## Given entries
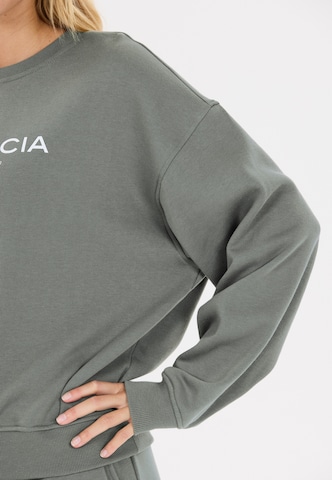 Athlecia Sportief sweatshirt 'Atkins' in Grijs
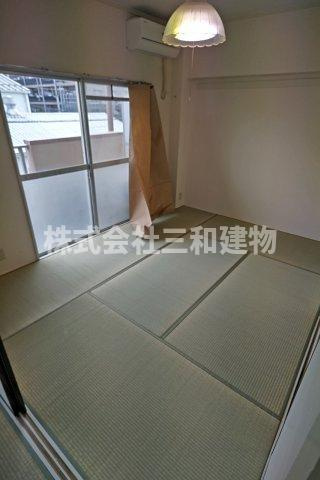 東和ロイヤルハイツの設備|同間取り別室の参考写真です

--

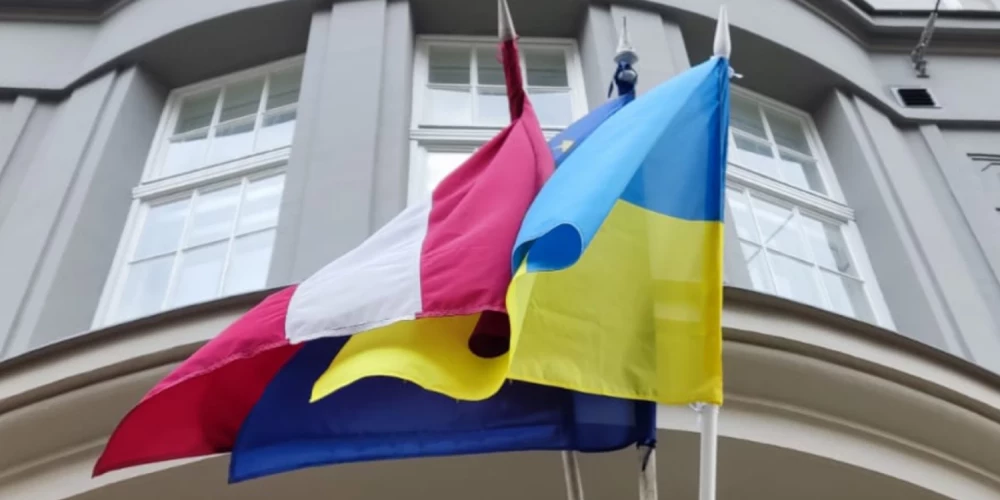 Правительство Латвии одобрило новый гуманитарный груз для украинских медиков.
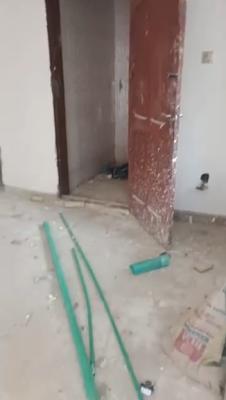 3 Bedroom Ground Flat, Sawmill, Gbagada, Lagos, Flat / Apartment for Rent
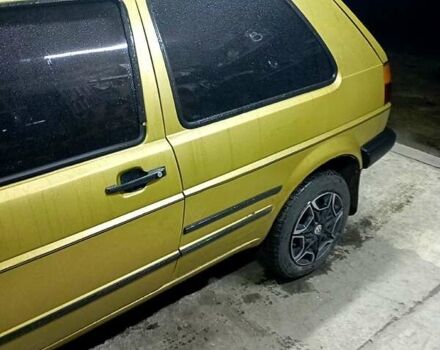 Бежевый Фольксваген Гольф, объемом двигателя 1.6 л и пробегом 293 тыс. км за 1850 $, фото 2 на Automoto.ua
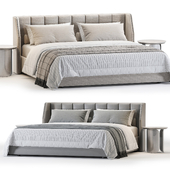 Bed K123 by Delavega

## Exercise instructions
Pictures do not belong in the answer. Return the lines above starting at the one with "Athlecia Sportief sweatshirt" and ending at the one with "東和ロイヤルハイツの設備|同間取り別室の参考写真です", both kept, exactly.

## Result
 Athlecia Sportief sweatshirt 'Atkins' in Grijs
 東和ロイヤルハイツの設備|同間取り別室の参考写真です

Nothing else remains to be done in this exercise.